# SUPPLIED INFORMATION
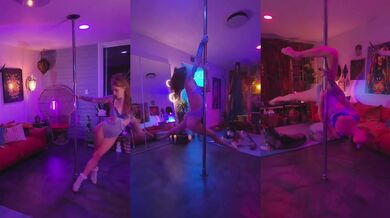 Natural redhead grinds pole solo and soaks it
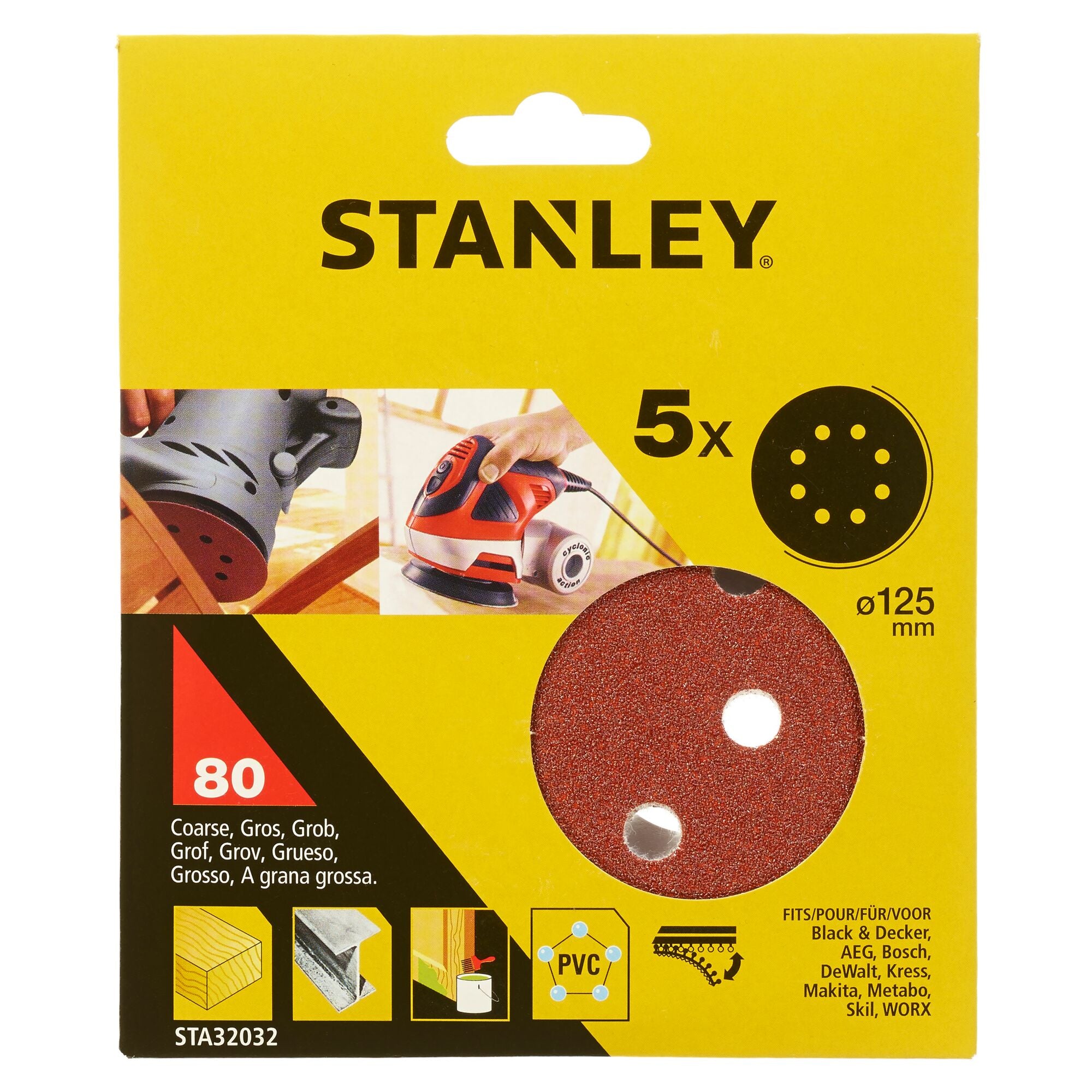 Stanley schuurschijf STA32032-XJ 125mm K80 5 stuks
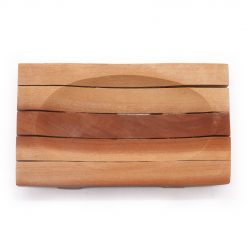 Alternative view of Jabonera de madera de caoba con rejilla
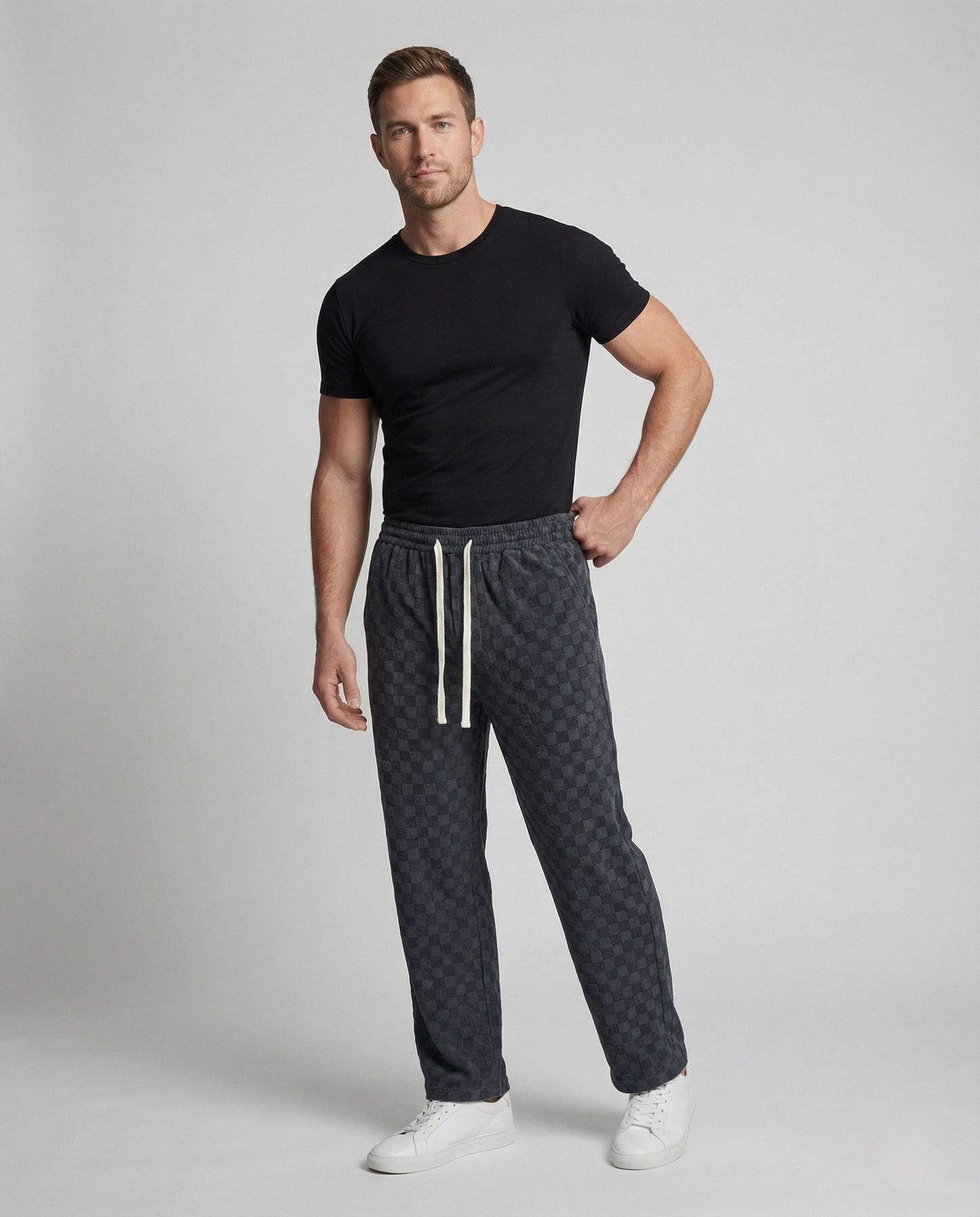 Pantaloni Uomo Jacquard Fantasia Quadri Coulisse - Brentozzi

# INSTRUCTIONS TO FOLLOW
Restate the whole listing above exactly, please, omitting every image.

# ANSWER BELOW
 Natural redhead grinds pole solo and soaks it
 Stanley schuurschijf STA32032-XJ 125mm K80 5 stuks
 Alternative view of Jabonera de madera de caoba con rejilla
 Pantaloni Uomo Jacquard Fantasia Quadri Coulisse - Brentozzi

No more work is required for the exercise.